Una nuova ricerca brasiliana approfondisce le carenze emotive e le fragilità dietro il fenomeno del trolling, l’atteggiamento provocatorio sui social network, che alimenta rabbia, frustrazione e antagonismo. Alla base del gusto per il litigio e il disturbo potrebbe esserci una bassa autostima e alti livelli di FoMO, la paura di restare esclusi dalle relazioni e dalle occasioni e gioie della vita. Come può rispondere l’Arteterapia alla FoMO?
Un recente studio pubblicato su Psychological Reports indaga sui correlati psichici del comportamento dei troll che, usando toni offensivi e aggressivi, accendono la polemica online, seminando irritazione e scontento in forum e commenti. La ricerca ha coinvolto 300 utenti dei social network, incrociando diversi test standardizzati, con la finalità di comprendere più approfonditamente i comportamenti aggressivi su internet. Il web magazine PsyPost riporta le dichiarazioni dell’autrice dello studio Isabella L. Silva Santos, dottoranda presso la Federal University of Paraíba: “La nostra vita quotidiana è permeata dai social media e il loro utilizzo continua ad aumentare. Nonostante ciò, le comuni regole di condotta interpersonale non sembrano applicarsi in questo ambiente: diciamo e facciamo cose che non faremmo mai nella nostra vita reale, specialmente quando si tratta di aggressione. Gran parte di tutto questo è dovuto all’anonimato e alla mancanza di regolamentazione sul web, ma è anche necessario comprendere gli aspetti psicologici e sociali del comportamento aggressivo online”.
I risultati dello studio evidenziano che il trolling sembra essere correlato a bassi livelli di autostima, che potrebbero innescare il comportamento disturbante, quale strategia disfunzionale per rendere più sopportabili le emozioni negative, esternalizzando la propria frustrazione e aggressività. Buoni livelli di autostima, viceversa, sarebbero correlati a un uso più positivo dei social network. “L’idea che l’immagine di noi stessi possa motivarci ad attaccare perfetti sconosciuti è una questione che merita di essere ulteriormente esplorata da studi futuri”, ha commentato Santos, come anche gli effetti dell’esposizione continua alla violenza online.

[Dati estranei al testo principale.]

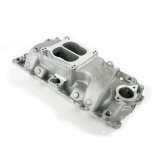 Top Street Performance Dual-Plane Intake Manifolds 83001 BIG BLOCK CHEVY V8 OVAL PORT, STOCK DUAL PLANE INTAKE MANIFOLD, SATIN thumbnail 2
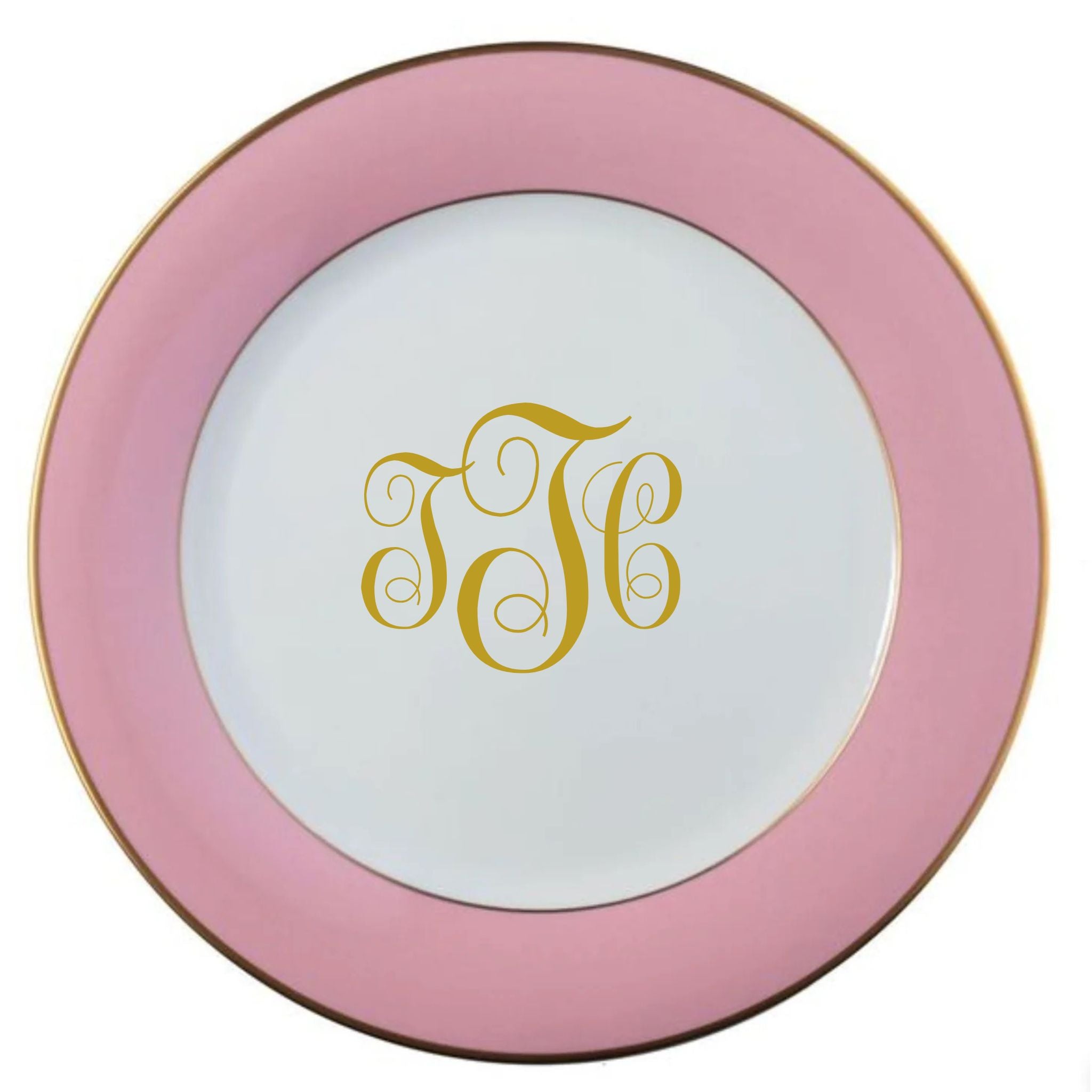 ColorSheen Pink Bread and Butter Plate - TTC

Il trolling sarebbe correlato anche ad alti livelli di FoMO, Fear of Missing Out, ossia la paura di essere esclusi dalle esperienze gratificanti di amici e conoscenti, unita all’ansioso desiderio di restare sempre virtualmente connessi con le vite altrui. La FoMO è un’espressione tipica della dipendenza dai social network, che possiamo descrivere come una fame compulsiva di partecipazione, che fa vacillare l’equilibrio e il benessere emotivo della persona, sradicandola dal momento presente e catturandola negli specchi, spesso illusori, delle vite degli altri. Se l’innato bisogno di inclusione dell’essere umano, che è cardine della nostra sopravvivenza come animali sociali,si manifesta naturalmente anche nel mondo virtuale, questa esigenza relazionale può trasformarsi in un vero e proprio craving, una ricerca impulsiva e ossessiva di connessione e condivisione. Nella FoMO, la forte ansia da esclusione e il desiderio bulimico di like, commenti e visualizzazioni sono accompagnati dal costante timore di non vivere una vita realmente piena, se paragonata a quella degli altri. Secondo i ricercatori, in presenza di alti livelli di FoMO, l’atteggiamento di trolling aiuterebbe a sfuggire le emozioni negative e il senso di inferiorità, diventando addirittura un estremo tentativo di richiamare l’attenzione e di sentirsi coinvolti, seppur in modo distruttivo, nelle relazioni sociali.
Questa ricerca getta nuova luce sulle trappole emotive del web, sugli effetti di un voyeurismo che rischia di escludere e di allontanare, tra i riflessi reciproci e distorti di vite apparentemente perfette. Al contempo, lo studio offre interessanti orizzonti possibili di analisi e azione, in ambito educativo e pedagogico. Tra questi, si evince la necessità di incentivare un uso sempre più consapevole dello strumento digitale e la conoscenza delle dinamiche emotive e relazionali, affinché la rete, che intrappola e stringe, possa essere anche foriera di autocoscienza e di un positivo lavoro su di sé. In secondo luogo, possiamo trarre la necessità di diffondere attività esperienziali e formative, accanto a quelle informative, in grado di potenziare gli elementi funzionali del comportamento, valorizzando sia l’unicità della persona sia la condivisione sociale, all’interno di positive relazioni interpersonali. In quest’ottica di valorizzazione e riabilitazione, si inserisce la pratica artiterapica che, per natura, valorizza le potenzialità sia della persona sia del gruppo. L’arte, con la sua possibilità di far emergere il senso della vita, si rivela prezioso antidoto sia alla paura di vivere una vita inspida sia al timore di restare esclusi dai più gratificanti legami sociali. Nella pratica artiterapica, la persona si sperimenta come artista e anche come parte di un atelier. Il suo gesto e l’espressione creativa si manifestano come portatori di piacere e soddisfazione, forieri di autostima e autocoscienza, in grado di disattivare il pilota automatico del facile clic, per far emergere le proprie migliori risorse, a volte sepolte sotto strati di polvere di quotidianità. L’arteterapia è, in definitiva, veicolo di buone relazioni, con se stessi e con gli altri, cura della condivisione e del profondo, nutrimento emotivo e creativo, che sfama la fame (e la FoMO) di senso e di felicità. Perché l’arte crea nuovi mondi e rinnova il mondo di tutti i giorni, perché ogni giorno è una tela nuova, tutta da creare, insieme.